I’m starting with R, and I’m facing an issue but I ignore its origin, so I come here to ask for your help and I hope you will be able to help me I have a dataset containing the following columns: Y = response trt : 1st explanatory variable lot : 2nd explanatory variable Location : is the column to group my data, so “aov” runs by Location. My objective is to extract Tukey-test goup letters output + Studentized residuals to flag outliers. For that , I’m using the following code :
library(multcomp)
library(multcompView)
library(dplyr)
library(tidyr)
library(na.tools)
library(tibble)
#My datasets and my variables
output <- as.data.frame(dataset)
output$response <- as.numeric(output$response)
output$trt <- as.factor(output$trt)
output$lot <- as.factor(output$lot)
output <- output %>%
group_by(location) %>%
mutate(row=row_number(),unique_trt = n_distinct(trt), unique_lot = n_distinct(lot), var = var(response, na.rm = TRUE))

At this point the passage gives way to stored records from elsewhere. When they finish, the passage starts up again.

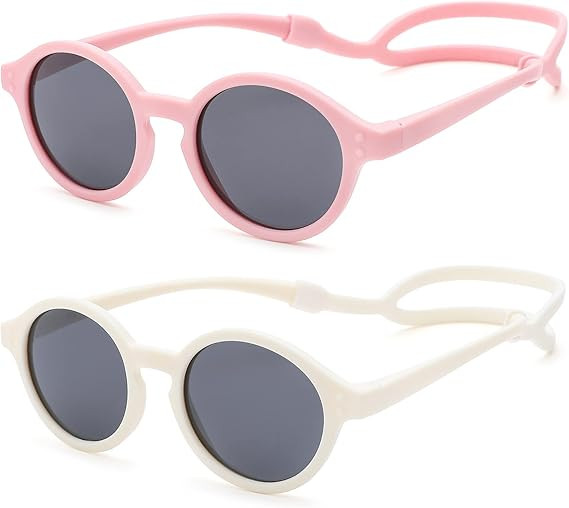 COASION Baby Polarized Sunglasses with Strap Adjustable TPEE Flexible Frame for Toddler Girls Boy... | Amazon (US)
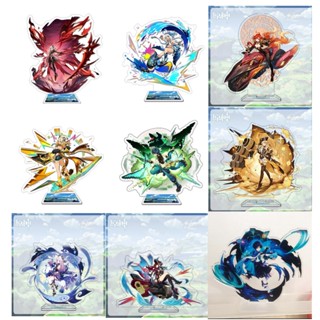 Mô hình Standee Mica Arcrylic nhân vật Genshin Impact 15cm Zhongli Xiao Lôi Thần Yelan kazuha Yae ayaka Hutao Ganyu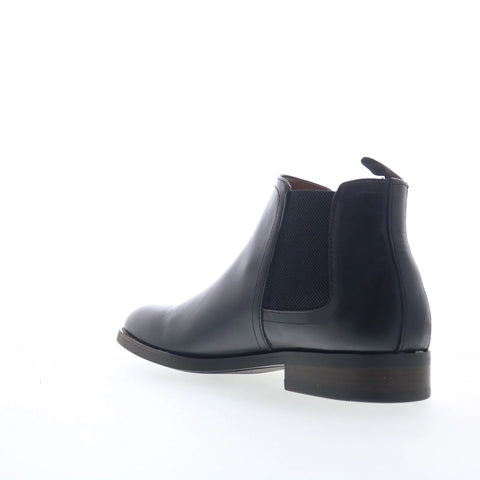 Steve Madden Montreux MONT10M1 Mens Black Leather Slip On Chelsea Boots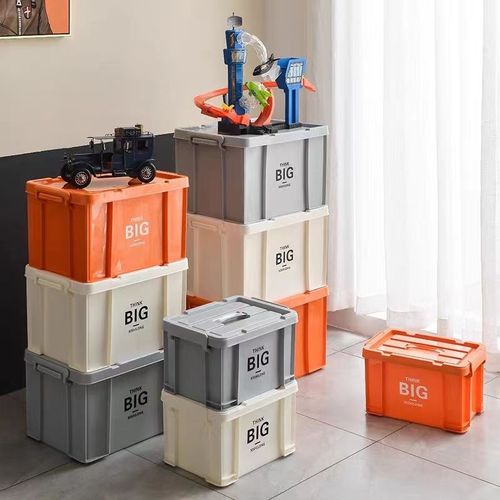 工业风加厚整理箱户外露营车载学生宿舍玩具车用收纳箱大容量家用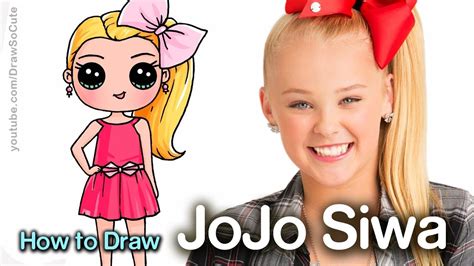 How To Draw Jojo Siwa Youtube Jojo In 2018 Pinterest Cute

# create a subset dataset where I use filter to exclude cases where one of the factors has only 1 level and where variance in data is null
lsplit <- output %>%
filter( var != 0 & unique_trt != 1 & unique_lot != 1)
lsplit <- lsplit %>% mutate(response3 = replace_na(response, mean(response, na.rm = TRUE)))
# split my sub-dataset by "location"
lsplit <- split(lsplit, ~ location)
# Create a function of lm and TukeyHSD to apply by "Location" and combine the output to the original dataset "output"
all_results <- lapply(lsplit,function(x){
model <- aov(reponse3 ~ trt + lot, data = x, na.rm=TRUE)
tukey <- TukeyHSD(model)
cld <- multcompLetters4(model, tukey)
TK <- group_by(x,trt) %>% summarise (mean = mean(response3, na.rm=TRUE)) %>% arrange(desc(mean))
cld <- as.data.frame.list(cld$trt)
TK$cld <- cld$Letters
x$stud_resid <- studres(model)
x <- left_join(x, TK, by = "trt")
x
})
output <- left_join(output,bind_rows(all_results) %>% select(location, mean, stud_resid, row, cld) , by=c("location", "row"))
This code works perfectly for a sample of locations that I’m using for testing, but once I apply it to the whole dataset (I’m using it on a dataset of around 20 M rows in Power query), I get an error message and I don’t know from which location this comes, that’s why I can’t provide an example to reproduce the error. Here is the error message I get :
“ Error in vec2mat(x) : 36 NAs not allowed, found in x” Any help os most welcome Thank you in advance for your help !